MATERIAL SUPPLIED:
====
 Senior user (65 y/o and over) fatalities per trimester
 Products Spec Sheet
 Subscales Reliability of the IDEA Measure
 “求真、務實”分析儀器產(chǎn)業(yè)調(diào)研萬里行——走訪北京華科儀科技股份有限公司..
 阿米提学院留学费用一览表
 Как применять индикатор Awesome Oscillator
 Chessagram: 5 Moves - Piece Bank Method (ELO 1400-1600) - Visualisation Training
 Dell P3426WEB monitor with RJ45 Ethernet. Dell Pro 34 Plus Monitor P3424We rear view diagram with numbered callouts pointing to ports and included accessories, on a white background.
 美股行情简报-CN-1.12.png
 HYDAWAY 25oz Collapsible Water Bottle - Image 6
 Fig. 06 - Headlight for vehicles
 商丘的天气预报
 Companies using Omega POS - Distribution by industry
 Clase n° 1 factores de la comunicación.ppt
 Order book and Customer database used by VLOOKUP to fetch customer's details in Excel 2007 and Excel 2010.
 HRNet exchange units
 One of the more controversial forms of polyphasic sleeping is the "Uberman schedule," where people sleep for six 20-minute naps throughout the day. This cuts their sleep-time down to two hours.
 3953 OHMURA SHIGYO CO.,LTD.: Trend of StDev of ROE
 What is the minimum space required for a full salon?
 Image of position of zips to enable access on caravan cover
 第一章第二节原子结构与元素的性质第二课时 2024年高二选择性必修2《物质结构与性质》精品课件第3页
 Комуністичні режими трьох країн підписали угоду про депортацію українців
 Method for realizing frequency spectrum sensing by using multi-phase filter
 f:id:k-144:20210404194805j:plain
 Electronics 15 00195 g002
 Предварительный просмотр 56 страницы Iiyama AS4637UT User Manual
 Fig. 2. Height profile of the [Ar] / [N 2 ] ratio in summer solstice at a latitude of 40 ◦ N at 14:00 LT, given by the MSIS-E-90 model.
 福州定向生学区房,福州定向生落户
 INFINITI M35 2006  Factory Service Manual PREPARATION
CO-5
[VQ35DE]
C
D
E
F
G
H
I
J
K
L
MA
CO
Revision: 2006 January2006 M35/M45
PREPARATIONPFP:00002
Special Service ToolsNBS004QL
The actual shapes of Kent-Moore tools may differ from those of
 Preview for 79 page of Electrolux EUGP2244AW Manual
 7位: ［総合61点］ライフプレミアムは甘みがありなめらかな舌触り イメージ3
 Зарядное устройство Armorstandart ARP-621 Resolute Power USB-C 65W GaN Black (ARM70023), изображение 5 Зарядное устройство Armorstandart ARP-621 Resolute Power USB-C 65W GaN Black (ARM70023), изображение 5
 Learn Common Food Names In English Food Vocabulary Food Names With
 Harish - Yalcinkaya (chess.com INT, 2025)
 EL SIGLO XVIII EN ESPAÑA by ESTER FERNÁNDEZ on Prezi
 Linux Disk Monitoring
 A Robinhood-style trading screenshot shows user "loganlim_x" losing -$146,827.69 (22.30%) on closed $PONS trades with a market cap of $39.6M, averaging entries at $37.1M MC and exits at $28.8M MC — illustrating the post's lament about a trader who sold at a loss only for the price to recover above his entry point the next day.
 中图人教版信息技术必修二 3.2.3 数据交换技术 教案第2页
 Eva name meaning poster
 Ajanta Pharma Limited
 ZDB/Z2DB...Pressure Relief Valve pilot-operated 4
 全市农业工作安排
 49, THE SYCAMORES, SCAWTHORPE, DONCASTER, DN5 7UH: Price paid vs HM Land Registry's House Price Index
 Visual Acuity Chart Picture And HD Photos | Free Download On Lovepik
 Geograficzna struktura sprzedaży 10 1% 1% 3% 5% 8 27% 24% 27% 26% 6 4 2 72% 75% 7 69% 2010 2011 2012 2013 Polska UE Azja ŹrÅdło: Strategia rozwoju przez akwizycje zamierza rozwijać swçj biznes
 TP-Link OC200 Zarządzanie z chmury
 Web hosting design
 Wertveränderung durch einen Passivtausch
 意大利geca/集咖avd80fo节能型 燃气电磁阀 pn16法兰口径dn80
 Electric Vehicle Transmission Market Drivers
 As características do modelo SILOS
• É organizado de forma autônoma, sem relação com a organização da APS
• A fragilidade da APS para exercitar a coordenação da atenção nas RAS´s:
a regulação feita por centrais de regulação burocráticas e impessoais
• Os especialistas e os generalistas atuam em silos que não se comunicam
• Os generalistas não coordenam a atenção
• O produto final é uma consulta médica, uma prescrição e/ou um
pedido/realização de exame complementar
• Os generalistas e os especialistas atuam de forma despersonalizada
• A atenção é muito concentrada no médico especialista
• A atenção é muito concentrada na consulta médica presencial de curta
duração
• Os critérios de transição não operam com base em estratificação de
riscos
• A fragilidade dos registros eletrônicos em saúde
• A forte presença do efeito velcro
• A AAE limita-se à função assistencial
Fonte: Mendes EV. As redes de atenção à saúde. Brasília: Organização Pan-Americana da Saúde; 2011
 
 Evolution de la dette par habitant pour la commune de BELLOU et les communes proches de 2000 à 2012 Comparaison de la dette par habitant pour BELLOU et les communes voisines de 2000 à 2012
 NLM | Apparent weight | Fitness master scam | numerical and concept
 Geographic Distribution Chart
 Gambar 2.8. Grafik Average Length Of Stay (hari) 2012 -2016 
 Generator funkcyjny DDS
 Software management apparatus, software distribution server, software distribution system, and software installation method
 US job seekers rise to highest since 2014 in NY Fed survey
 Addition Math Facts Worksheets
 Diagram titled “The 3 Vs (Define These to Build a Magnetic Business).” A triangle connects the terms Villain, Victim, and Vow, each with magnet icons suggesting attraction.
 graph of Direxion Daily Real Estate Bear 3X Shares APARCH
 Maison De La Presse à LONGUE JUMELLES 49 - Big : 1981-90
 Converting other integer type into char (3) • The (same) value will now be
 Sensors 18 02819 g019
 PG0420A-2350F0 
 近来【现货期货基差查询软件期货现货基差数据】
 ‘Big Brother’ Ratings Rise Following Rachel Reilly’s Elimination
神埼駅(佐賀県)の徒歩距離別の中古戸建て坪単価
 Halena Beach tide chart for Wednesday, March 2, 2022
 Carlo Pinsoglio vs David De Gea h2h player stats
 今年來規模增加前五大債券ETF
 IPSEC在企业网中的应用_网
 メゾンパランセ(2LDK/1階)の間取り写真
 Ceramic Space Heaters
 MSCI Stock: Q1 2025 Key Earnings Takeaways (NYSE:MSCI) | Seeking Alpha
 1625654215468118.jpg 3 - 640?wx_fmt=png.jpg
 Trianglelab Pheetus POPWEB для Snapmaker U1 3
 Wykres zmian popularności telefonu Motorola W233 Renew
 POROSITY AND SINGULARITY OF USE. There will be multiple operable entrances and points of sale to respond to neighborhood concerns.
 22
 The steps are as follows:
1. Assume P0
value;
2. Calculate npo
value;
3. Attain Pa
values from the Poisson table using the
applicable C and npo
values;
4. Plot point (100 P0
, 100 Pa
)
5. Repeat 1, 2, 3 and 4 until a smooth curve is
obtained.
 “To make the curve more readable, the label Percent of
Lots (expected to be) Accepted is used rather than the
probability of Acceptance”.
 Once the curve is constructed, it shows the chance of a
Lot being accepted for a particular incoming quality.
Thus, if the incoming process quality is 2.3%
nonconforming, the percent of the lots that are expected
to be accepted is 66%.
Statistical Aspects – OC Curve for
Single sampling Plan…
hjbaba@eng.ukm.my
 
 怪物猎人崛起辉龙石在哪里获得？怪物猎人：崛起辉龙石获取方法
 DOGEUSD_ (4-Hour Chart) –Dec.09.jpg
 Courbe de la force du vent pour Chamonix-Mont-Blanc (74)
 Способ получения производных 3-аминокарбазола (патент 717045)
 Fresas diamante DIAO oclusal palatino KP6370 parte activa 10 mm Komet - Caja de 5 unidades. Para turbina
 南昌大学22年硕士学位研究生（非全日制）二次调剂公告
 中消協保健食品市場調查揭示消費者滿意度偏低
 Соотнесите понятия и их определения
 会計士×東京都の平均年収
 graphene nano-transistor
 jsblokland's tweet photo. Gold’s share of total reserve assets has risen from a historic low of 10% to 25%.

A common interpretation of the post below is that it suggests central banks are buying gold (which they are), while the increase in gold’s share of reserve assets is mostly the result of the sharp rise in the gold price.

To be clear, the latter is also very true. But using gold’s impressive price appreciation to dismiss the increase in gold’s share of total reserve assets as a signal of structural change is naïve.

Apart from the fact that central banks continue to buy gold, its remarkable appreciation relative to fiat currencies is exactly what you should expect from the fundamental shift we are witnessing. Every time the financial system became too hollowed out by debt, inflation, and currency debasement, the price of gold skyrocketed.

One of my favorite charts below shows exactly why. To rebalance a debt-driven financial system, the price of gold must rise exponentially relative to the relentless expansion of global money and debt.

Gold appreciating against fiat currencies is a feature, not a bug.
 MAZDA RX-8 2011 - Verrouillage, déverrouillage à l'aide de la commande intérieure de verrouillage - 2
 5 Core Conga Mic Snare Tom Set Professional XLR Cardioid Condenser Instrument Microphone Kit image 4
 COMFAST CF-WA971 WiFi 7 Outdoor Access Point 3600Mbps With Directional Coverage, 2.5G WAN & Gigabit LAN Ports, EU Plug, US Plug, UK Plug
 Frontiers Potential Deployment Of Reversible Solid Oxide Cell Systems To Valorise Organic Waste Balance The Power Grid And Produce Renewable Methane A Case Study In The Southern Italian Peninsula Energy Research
====
INSTRUCTIONS TO FOLLOW:
Beginning at the line that holds "to be accepted is 66%.", reproduce the lines exactly up to and including the final line of the entries.

ANSWER BOX:
to be accepted is 66%.
Statistical Aspects – OC Curve for
Single sampling Plan…
hjbaba@eng.ukm.my
 
 怪物猎人崛起辉龙石在哪里获得？怪物猎人：崛起辉龙石获取方法
 DOGEUSD_ (4-Hour Chart) –Dec.09.jpg
 Courbe de la force du vent pour Chamonix-Mont-Blanc (74)
 Способ получения производных 3-аминокарбазола (патент 717045)
 Fresas diamante DIAO oclusal palatino KP6370 parte activa 10 mm Komet - Caja de 5 unidades. Para turbina
 南昌大学22年硕士学位研究生（非全日制）二次调剂公告
 中消協保健食品市場調查揭示消費者滿意度偏低
 Соотнесите понятия и их определения
 会計士×東京都の平均年収
 graphene nano-transistor
 jsblokland's tweet photo. Gold’s share of total reserve assets has risen from a historic low of 10% to 25%.

A common interpretation of the post below is that it suggests central banks are buying gold (which they are), while the increase in gold’s share of reserve assets is mostly the result of the sharp rise in the gold price.

To be clear, the latter is also very true. But using gold’s impressive price appreciation to dismiss the increase in gold’s share of total reserve assets as a signal of structural change is naïve.

Apart from the fact that central banks continue to buy gold, its remarkable appreciation relative to fiat currencies is exactly what you should expect from the fundamental shift we are witnessing. Every time the financial system became too hollowed out by debt, inflation, and currency debasement, the price of gold skyrocketed.

One of my favorite charts below shows exactly why. To rebalance a debt-driven financial system, the price of gold must rise exponentially relative to the relentless expansion of global money and debt.

Gold appreciating against fiat currencies is a feature, not a bug.
 MAZDA RX-8 2011 - Verrouillage, déverrouillage à l'aide de la commande intérieure de verrouillage - 2
 5 Core Conga Mic Snare Tom Set Professional XLR Cardioid Condenser Instrument Microphone Kit image 4
 COMFAST CF-WA971 WiFi 7 Outdoor Access Point 3600Mbps With Directional Coverage, 2.5G WAN & Gigabit LAN Ports, EU Plug, US Plug, UK Plug
 Frontiers Potential Deployment Of Reversible Solid Oxide Cell Systems To Valorise Organic Waste Balance The Power Grid And Produce Renewable Methane A Case Study In The Southern Italian Peninsula Energy Research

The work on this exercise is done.